Vatican Praised for Efforts to Combat Money-Laundering

VATICAN CITY
ABC News

By NICOLE WINFIELD, ASSOCIATED PRESS
VATICAN CITY — Dec 15, 2015

Vatican prosecutors have launched 13 new investigations into suspected money-laundering this year, and currently have frozen some 11 million euros ($12.1 million) as part of beefed-up measures to prevent illicit activity at the Vatican’s scandal-marred bank, according to a report released Tuesday.

The Council of Europe’s Moneyval committee revealed the findings in a periodic progress report on the Holy See’s compliance with international norms to fight money-laundering and terror financing.

Moneyval praised the Holy See for addressing most of the outstanding legal loopholes flagged in the committee’s original 2012 evaluation.

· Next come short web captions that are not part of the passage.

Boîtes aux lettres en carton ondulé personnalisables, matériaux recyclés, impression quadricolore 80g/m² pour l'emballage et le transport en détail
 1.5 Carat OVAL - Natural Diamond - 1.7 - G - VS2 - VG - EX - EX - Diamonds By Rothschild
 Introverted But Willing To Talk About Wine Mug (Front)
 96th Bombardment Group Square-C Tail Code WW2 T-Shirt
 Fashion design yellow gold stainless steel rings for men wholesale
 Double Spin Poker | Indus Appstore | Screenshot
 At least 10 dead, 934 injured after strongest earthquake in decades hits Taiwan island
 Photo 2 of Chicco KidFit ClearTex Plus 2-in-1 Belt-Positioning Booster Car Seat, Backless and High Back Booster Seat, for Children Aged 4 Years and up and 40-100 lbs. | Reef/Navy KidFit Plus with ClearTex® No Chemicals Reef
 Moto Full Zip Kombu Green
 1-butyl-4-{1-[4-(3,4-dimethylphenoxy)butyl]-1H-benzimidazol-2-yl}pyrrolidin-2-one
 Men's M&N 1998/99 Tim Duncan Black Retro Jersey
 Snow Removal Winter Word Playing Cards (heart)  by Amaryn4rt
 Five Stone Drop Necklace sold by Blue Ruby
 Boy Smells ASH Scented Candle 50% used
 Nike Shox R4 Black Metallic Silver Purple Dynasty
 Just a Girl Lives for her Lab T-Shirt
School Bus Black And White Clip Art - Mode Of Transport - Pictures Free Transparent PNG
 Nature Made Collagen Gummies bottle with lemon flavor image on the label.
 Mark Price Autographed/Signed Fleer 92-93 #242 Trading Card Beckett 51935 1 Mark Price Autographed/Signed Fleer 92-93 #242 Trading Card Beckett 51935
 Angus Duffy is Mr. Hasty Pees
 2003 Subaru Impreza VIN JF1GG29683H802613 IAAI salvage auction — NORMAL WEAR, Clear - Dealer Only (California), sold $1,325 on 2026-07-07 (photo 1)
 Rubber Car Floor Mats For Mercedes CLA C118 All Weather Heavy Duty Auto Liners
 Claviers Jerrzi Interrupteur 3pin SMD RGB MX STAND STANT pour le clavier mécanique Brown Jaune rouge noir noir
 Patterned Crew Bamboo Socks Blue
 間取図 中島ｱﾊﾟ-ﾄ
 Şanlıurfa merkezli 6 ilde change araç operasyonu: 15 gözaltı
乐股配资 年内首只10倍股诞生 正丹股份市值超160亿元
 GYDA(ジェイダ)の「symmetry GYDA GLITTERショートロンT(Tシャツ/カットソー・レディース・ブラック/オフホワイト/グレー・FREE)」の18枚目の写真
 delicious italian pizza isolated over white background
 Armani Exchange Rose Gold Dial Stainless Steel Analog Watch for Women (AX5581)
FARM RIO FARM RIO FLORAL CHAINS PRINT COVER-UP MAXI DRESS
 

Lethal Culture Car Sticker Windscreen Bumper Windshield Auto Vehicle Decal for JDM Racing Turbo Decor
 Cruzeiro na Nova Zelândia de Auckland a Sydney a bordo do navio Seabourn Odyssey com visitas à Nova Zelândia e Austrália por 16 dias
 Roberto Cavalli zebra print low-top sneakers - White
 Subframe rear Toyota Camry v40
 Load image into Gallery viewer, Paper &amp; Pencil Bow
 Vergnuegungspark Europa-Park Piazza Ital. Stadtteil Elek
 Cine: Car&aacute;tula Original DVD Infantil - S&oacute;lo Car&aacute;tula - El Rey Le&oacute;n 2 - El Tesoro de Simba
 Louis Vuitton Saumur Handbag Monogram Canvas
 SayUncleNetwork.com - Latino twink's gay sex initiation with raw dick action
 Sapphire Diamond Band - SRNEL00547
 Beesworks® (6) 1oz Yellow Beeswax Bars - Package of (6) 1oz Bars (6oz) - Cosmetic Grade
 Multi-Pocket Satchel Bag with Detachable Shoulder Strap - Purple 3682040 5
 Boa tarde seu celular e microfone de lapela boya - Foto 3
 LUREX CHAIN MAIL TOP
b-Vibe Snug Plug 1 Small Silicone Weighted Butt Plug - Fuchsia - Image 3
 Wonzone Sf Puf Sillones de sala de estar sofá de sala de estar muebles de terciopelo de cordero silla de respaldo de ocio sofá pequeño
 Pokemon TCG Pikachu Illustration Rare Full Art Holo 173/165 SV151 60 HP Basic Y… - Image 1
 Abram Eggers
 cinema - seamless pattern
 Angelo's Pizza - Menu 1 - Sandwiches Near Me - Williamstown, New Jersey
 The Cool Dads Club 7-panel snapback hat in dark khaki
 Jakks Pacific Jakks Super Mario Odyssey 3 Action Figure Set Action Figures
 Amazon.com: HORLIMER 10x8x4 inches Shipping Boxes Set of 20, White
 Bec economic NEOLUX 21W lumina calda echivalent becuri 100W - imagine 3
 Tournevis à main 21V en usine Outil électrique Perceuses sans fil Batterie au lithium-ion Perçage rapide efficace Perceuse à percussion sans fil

But it said it remained unclear how the laws are being implemented, since prosecutors haven’t yet handed down any money-laundering indictments despite having 25 investigations open, half of them launched this year.

The Vatican submitted itself to the Moneyval evaluation process after it signed onto the 2009 EU Monetary Convention and in a bid to shed its image as a financially shady tax haven whose bank has long been embroiled in scandal.

In recent years, the Vatican has written and rewritten laws criminalizing money-laundering, entered into financial information-sharing agreements with dozens of countries, closed nearly 5,000 accounts at its bank and made sure it knows the background of all the clients who stayed on.